Dans son roman culte 1984, George Orwell décrit un pays en régime totalitaire sans aucune liberté d’expression. La seule vision de la réalité pouvant exister publiquement serait celle du parti au pouvoir. Dans ce but, l’État cherche à imposer une langue alternative qui supplanterait l’anglais tel qu’il est parlé par la population.
Cette langue, appelée novlangue en français, utilise une grammaire simplifiée et un lexique très pauvre. Elle rendrait impossible l’expression d’idées ou de discours qui iraient à l’encontre de l’idéologie du régime. Son extrême simplicité aurait même pour effet d’abrutir ses locuteurs, les rendant incapables de réflexions poussées et de pensée critique.
L’idée qu’une langue simplifiée limiterait l’intelligence vient du déterminisme linguistique : une théorie populaire au début du 20e siècle, postulant un lien étroit entre le langage, l’habitude, et la pensée.
Le fantasme d’une langue risquant de se détériorer se cache donc derrière les usages du mot novlangue aujourd’hui, hors du contexte du roman 1984. Cela mettrait en danger toute capacité à penser et communiquer. Dans les faits, l’intelligence n’est pas relative à la langue et qu’aucune langue n’est supérieure à une autre. La recherche en linguistique l’a montré.
Il est devenu très commun aujourd’hui de qualifier certains discours ou habitudes langagières de novlangue.
Les politiciens sont souvent la cible des critiques qui leur reprochent de parler en novlangue pour cacher leurs intentions réelles.
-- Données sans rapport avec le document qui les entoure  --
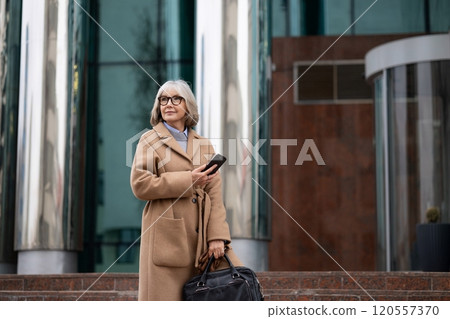 Older woman in a stylish coat stands outside a modern building holding a phone and bag on a sunny Older woman in a stylish coat stands outside a modern building holding a phone and bag on a sunny 120557370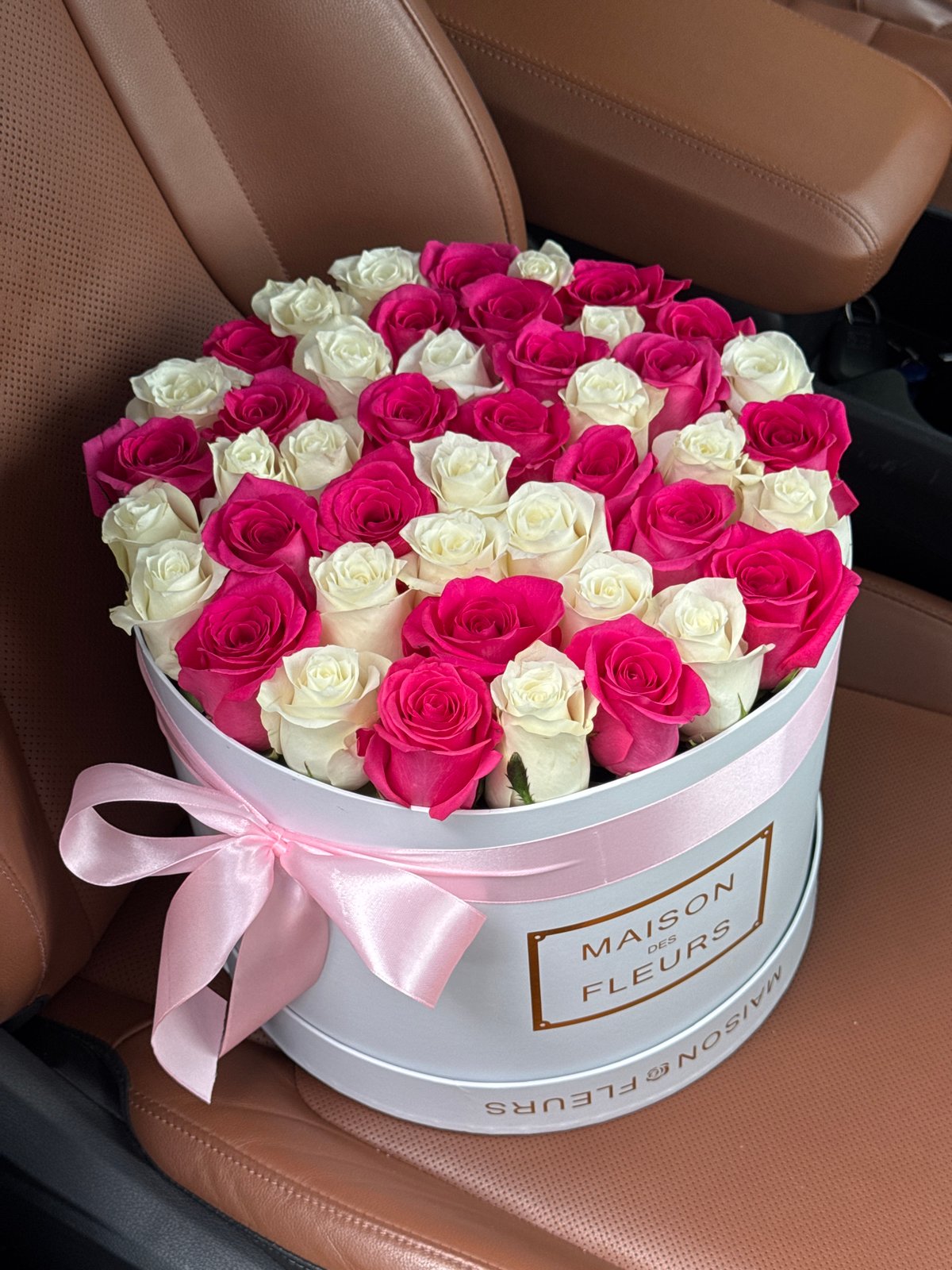 Branded rose hatbox on a car seat in Almaty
De fait, leurs discours sont souvent techniques et peu clairs. Ils ont tendance à tous se ressembler, comme s’ils cherchaient à effacer leurs affiliations idéologiques.
Cet usage est assez cohérent avec ce qu’Orwell, militant libertaire revendiqué, défendait lui-même. Selon lui, « le langage politique consiste principalement d’euphémismes, pétitions de principe et imprécisions nébuleuses. » Cependant, il ne s’agit pas là d’un code langagier à part entière.
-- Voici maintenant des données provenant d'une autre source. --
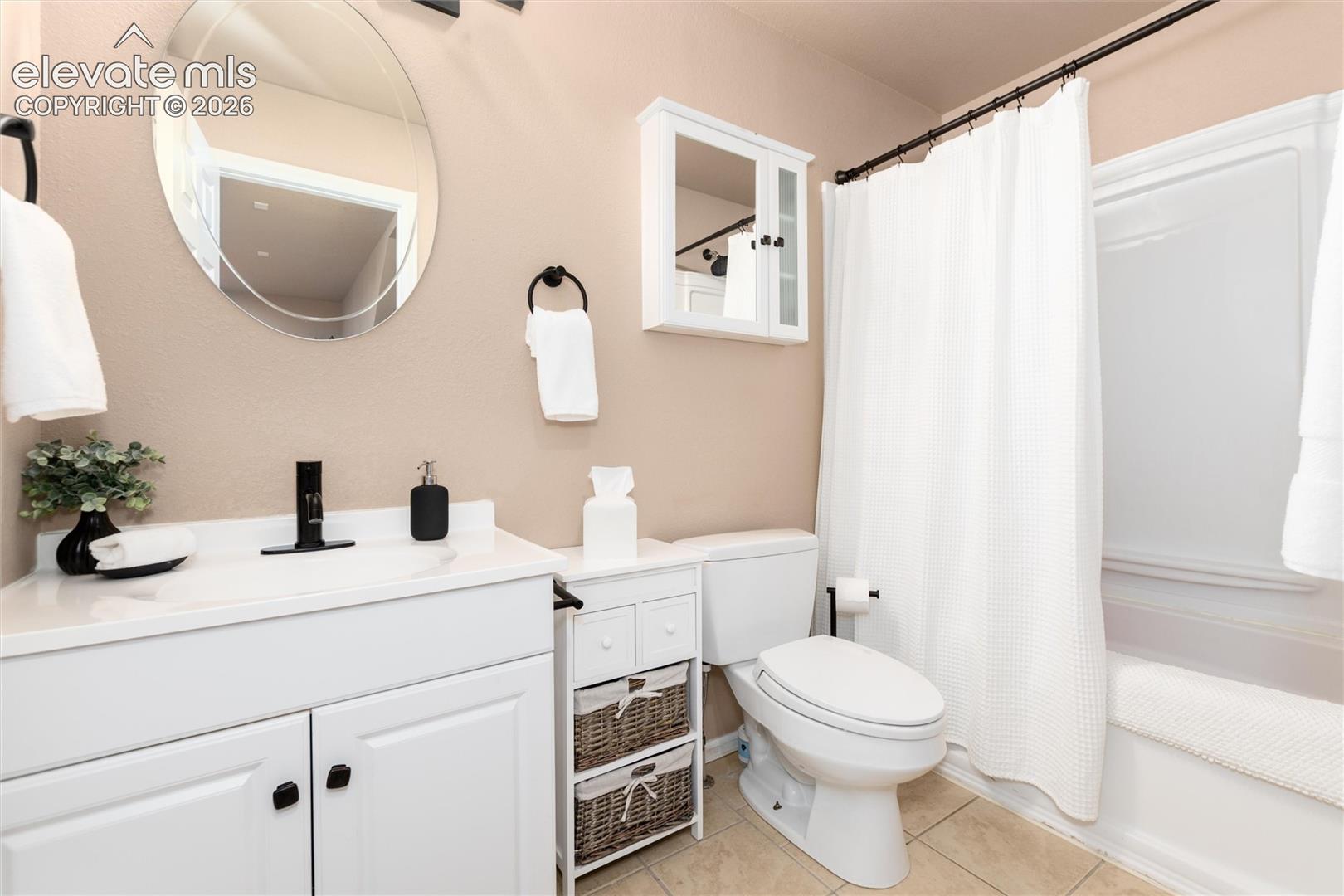 Bathroom featuring a white vanity with integrated sink, black single-handle faucet, oval wall-mounted mirror, white medicine cabinet, and a shower-tub combination with white enclosure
L’écriture inclusive, pratique orthographique féministe visant à remettre en question l’universalité du genre masculin, est aussi parfois cible de comparaison à la novlangue.
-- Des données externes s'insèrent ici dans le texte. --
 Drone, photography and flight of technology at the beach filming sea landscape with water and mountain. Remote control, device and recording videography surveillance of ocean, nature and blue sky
Le langage des grandes entreprises, mêlant anglicisme et jargons est aussi qualifié de novlangue. On le retrouve dans la vie privée avec l’expression « je gère » par exemple.
Le terme novlangue s’emploie aujourd’hui pour critiquer les usages langagiers des autres. On les jugera incohérents, impropres, dégradant la langue. On leur reprochera de politiser la question de la langue. Cependant exprimer une injonction à parler d’une certaine manière, aussi « correcte » soit-elle, c’est aussi faire entrer des questions de politique dans la langue.